A.H. Belo Corp., based in Dallas, is trying to sell the main offices of its Providence Journal in Rhode Island and adjacent lots, and USA Today owner Gannett Co. has put the Des Moines Register’s Iowa building on the market and is evaluating options for its Virginia headquarters.
Washington Post Co. is working to contain its costs as its namesake newspaper struggles to keep readers and advertisers. Its average weekday circulation dropped to 471,200 in the first nine months of last year, down 9.2 percent from a year earlier, while its print advertising revenue fell 14 percent to $160.7 million.
The company relies primarily on Kaplan, its for-profit education unit, which accounts for almost 60 percent of annual sales. Its publishing business brings in 15.5 percent of sales.
Washington Post Co. hired Studley Inc. and JM Zell Partners Ltd. as its real estate advisers, Weymouth said. They will seek buyers and identify sites for relocation, she said. The building is at 1150 15th Street NW in Washington.
Advertising expenditures for print and online media in the U.S. have fallen every quarter since the start of 2007, according to the Newspaper Association of America. Advertising revenue totaled an estimated $19 billion in 2012, the lowest when adjusted for inflation since at least 1950, according to data compiled by Mark Perry, an economics and finance professor at the University of Michigan-Flint who tracks newspaper advertising. Daily circulation volume dropped 12 percent between 2007 and 2011.
Commercial-property values, meanwhile, are on the rise, particularly in the urban areas where newspapers tend to be based.

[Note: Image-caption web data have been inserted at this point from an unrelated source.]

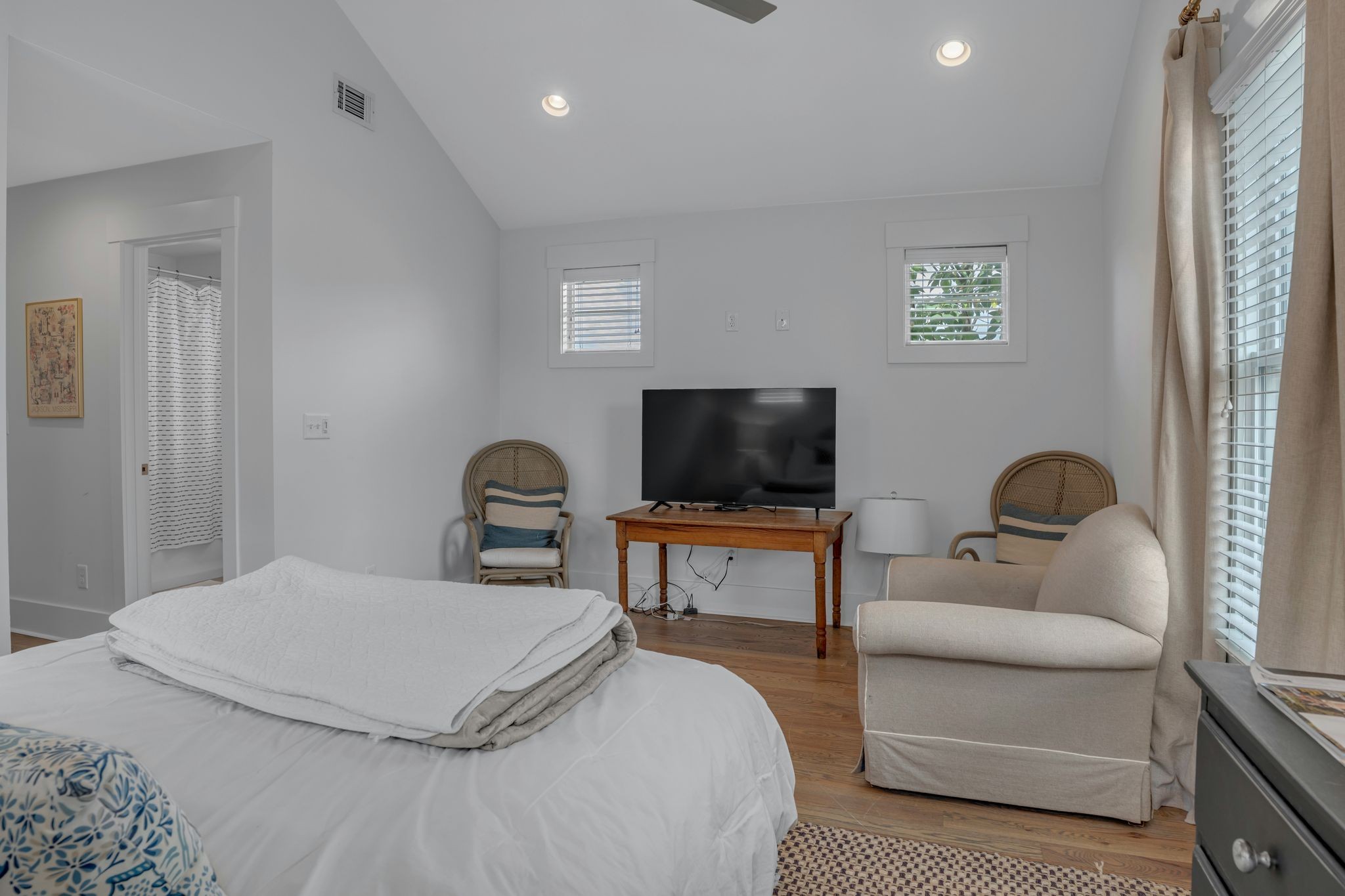 6016B California Ave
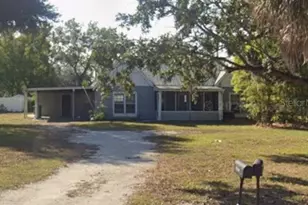816 W Country Club Dr, Tampa, FL 33612 - Photo 1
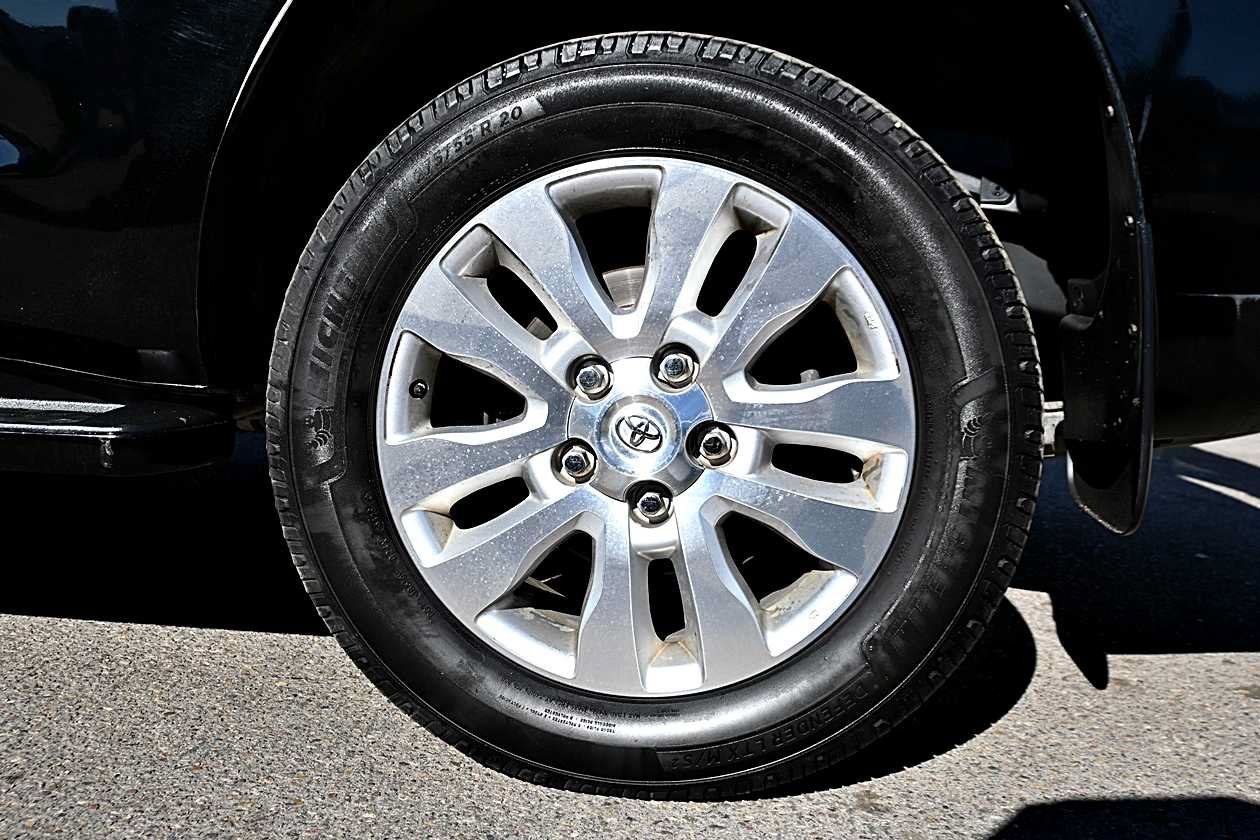 Used 2013 Toyota Sequoia Platinum AWD/4WD image 13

U.S. prices climbed 7 percent last year and are, on average, within “a few percentage points” of their 2007 highs, according to a January report from Green Street Advisors Inc., a Newport Beach, California-based property-research firm.
In Washington, the average price for office space was $478 a square foot last year, down 3 percent from 2011, according to New York-based Real Capital. That compares with a 4 percent increase to $232 a square foot nationwide.
The price for the Washington Post’s headquarters is “just a matter of how much the investment community wants to spend, given that most government agencies are contracting and office prices in the D.C. market have cooled over the past six months,” said Fasulo of Real Capital.
Washington Post Co. rose less than 1 percent to $388.44 at the close in New York. The shares are little changed over the past year, compared with a 14 percent increase in the Standard & Poor’s 500 Index.